Outros exemplos flagrantes são os do Eterno Retorno do lendário professor Neca ao Desportivo das Aves, de Joaquim Teixeira e Fernando Festas ao Leça, de Carlos Brito ao Rio Ave, de Ivic ao Porto e ao Benfica, de Marinho Peres a Guimarães, de Juca ao Sporting. Todos denunciam que grande parte dos dirigentes desportivos portugueses não conseguem viver sem o Assim Falava Zaratustra na sua cabeceira.
Situemo-nos, agora, dentro da asserção do filósofo alemão que nos diz que “A ideia do Eterno Retorno é a fórmula suprema da afirmação” (Ecce Homo). Não será difícil pensar em Rui Costa e no seu Eterno Retorno ao Benfica. Não será estranho pensarmos na consumação do Eterno Retorno na pessoa de Jaime Pacheco e na prazenteira cidade de Guimarães.

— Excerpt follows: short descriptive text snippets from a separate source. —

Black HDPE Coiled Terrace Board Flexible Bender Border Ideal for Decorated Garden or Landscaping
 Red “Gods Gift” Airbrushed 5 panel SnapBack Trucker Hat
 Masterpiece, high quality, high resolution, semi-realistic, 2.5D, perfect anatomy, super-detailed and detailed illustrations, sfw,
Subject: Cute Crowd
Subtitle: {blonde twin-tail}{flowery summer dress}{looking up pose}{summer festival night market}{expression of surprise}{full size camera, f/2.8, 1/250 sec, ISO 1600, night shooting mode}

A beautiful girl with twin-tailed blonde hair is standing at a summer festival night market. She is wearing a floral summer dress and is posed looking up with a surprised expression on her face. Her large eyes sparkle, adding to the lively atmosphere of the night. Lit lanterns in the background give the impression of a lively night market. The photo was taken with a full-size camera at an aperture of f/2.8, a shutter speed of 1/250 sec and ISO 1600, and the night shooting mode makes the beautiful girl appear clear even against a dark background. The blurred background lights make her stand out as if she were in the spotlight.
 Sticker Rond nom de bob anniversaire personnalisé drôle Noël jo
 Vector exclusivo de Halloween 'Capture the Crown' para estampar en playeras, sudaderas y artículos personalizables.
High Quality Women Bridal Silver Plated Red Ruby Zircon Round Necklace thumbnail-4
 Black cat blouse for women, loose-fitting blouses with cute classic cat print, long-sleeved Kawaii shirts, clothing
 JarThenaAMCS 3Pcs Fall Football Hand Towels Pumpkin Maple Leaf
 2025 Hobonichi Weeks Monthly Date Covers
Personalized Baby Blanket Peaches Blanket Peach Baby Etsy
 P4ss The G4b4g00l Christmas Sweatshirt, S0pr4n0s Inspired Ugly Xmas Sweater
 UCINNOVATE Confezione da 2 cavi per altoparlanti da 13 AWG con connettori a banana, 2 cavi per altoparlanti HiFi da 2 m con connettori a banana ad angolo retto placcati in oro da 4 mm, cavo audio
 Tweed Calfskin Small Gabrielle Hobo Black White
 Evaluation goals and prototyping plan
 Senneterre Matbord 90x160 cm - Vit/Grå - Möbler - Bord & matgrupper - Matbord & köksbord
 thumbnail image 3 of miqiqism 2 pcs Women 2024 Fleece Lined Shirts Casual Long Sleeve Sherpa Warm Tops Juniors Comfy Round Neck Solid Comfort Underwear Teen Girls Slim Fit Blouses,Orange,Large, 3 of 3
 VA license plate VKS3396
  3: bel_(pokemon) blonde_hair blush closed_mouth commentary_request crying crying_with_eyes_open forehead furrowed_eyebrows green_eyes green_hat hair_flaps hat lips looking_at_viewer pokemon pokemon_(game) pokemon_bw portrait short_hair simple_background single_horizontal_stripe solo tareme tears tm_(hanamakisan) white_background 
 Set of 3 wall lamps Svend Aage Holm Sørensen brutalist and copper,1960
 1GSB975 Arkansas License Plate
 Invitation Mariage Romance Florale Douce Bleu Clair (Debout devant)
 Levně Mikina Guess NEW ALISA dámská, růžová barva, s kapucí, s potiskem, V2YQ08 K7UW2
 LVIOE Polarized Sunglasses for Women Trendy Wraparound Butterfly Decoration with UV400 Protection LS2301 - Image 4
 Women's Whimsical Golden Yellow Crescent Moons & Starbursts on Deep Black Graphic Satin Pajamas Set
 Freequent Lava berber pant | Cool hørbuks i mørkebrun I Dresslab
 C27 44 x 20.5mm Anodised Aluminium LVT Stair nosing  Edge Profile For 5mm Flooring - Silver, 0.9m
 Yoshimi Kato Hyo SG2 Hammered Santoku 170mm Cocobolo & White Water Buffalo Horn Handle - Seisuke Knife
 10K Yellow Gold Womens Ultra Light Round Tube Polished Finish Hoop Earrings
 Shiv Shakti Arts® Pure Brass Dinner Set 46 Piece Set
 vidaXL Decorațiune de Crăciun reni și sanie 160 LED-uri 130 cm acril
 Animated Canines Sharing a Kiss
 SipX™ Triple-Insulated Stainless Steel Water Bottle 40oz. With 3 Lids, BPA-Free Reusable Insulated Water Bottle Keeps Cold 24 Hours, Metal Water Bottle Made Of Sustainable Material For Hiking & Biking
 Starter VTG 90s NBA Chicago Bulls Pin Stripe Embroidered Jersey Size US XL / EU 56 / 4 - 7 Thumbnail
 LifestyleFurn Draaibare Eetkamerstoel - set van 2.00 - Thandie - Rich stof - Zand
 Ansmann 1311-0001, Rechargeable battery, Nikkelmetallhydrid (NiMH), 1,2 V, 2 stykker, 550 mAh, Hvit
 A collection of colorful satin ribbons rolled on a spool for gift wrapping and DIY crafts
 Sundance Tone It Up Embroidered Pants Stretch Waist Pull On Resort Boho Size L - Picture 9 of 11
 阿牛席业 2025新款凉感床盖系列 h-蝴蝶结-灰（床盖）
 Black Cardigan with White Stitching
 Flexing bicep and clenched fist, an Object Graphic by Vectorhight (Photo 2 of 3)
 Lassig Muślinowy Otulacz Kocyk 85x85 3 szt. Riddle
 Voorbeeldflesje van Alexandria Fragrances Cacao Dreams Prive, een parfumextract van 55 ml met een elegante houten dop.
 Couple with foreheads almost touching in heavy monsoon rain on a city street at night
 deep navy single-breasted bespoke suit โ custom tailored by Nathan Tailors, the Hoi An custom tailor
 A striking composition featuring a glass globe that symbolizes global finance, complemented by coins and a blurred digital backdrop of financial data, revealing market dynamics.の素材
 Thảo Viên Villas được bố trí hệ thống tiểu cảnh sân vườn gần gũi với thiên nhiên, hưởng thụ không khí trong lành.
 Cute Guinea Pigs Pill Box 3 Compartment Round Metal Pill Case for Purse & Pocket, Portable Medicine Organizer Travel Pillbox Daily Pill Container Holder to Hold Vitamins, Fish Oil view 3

Não será descabido começarmos a formular a teoria do Eterno Retorno de José António Camacho ao Benfica, de Luís Figo ao Sporting, ou, até em círculos mais restritos, do F.C. Porto aos Eternos Retornos, já consumados, de Hélder Postiga e Vítor Manuel Martins Baía. Todos estes casos se clarificam ao som de History Repeats Itself, cantado por Jane Siberry.
Casos de análise e categorização mais difícil aparecem quando falamos de Roberto Deus Severo, vulgo Beto, e o Eterno Retorno da sua ida para o Real Madrid. Aliás, em 2005 cumpre-se o primeiro de nove anos em que tal tema não é focado pela imprensa e alimentado pelo silêncio expectante do central leonino. Outro case study, este sim, de amplitude académica magnânime é o Eterno Retorno das equipas de Luís Campos à segunda divisão. Há, aqui, uma força oculta, um magnetismo qualquer que explica o risco que corre qualquer plantel treinado pelo José Mourinho de Fão.
Em conclusão, é fácil encontrarmos uma concepção nietszchiana no futebol português, muito à frente daquela do treinador de bigode que falava em fazer coisas bonitas. Basta atentar no número de casos de Eterno Retorno aqui plasmados, no conceito de Super Homem aplicado a cada reforço de cada plantel e no espírito dionisíaco que preside à origem de um processo judicial em curso. É que convém não esquecer que Freddie Nitszsche é um dos pais da pós modernidade. A julgar pelo bigode, só pode ser um grande pai e um super pós moderno.